Edward Aschoff, a college football reporter for ESPN, died Tuesday on his 34th birthday, according to the network.
"We are very sorry to have to share the devastating news of the tragic passing of friend and ESPN colleague Edward Aschoff," ESPN said in a statement. "Our thoughts are with his loved ones, including his fiancée Katy."
ESPN did not say how Aschoff died. Earlier this month, Aschoff tweeted that he had pneumonia, even though he was young and had "a very good immune system."
"Anyone ever had multifocal (bilateral) pneumonia in their early 30s as some who never gets sick and has a very good immune system? Asking for two friends ... my lungs," he tweeted.
According to ESPN, Aschoff started working for ESPN.com as a reporter based in Atlanta. He moved to Los Angeles in 2017 to begin a more expanded national role that included television coverage.
Over the past three seasons, Aschoff reported from campuses across the country for ESPN.com, SportsCenter, SEC Network and ESPN Radio, and worked as a television and radio sideline reporter during college football games, a release from ESPN said.
"Ed was one of the smartest, brightest reporters I've ever had the pleasure of working with," ESPN Executive Editor Lauren Reynolds said. "For as good of a reporter Ed was, he was an even better person. He always put people first - those whose stories he told, and those who had the honor of working alongside him.
Aschoff and his fiancée were to be married in New Orleans in April, ESPN said.
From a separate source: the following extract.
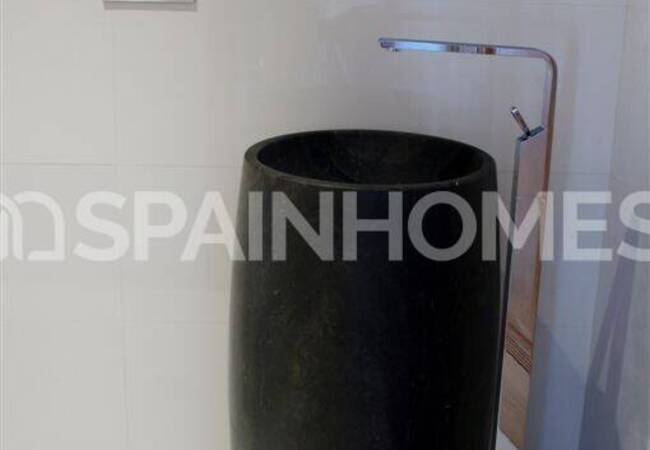 Ready to Move Villa with Stunning Sea and City Views in Benidorm 33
ESPN didn't give any details about his death.
His coworkers did tweet out details about his life as they mourned his loss.
"I will not be able to stop crying for a while," tweeted ESPN's Andrea Adelson. "The world lost a light, and we all lost a friend, but more than that, his financee lost her soulmate and I pray for her and his family and everyone who loved him to find the strength to move forward. I already miss you so much, Ed."
ESPN senior writer Adam Rittenberg said he would remember Aschoff as happy and vibrant.
"Edward Aschoff was one of my closest friends," ESPN reporter Kyle Bonagura said. "He was was one the most genuine, enthusiastic, personable people I've ever and he made the world a better place. Today is unspeakably sad and I'm devastated for Katy and his family."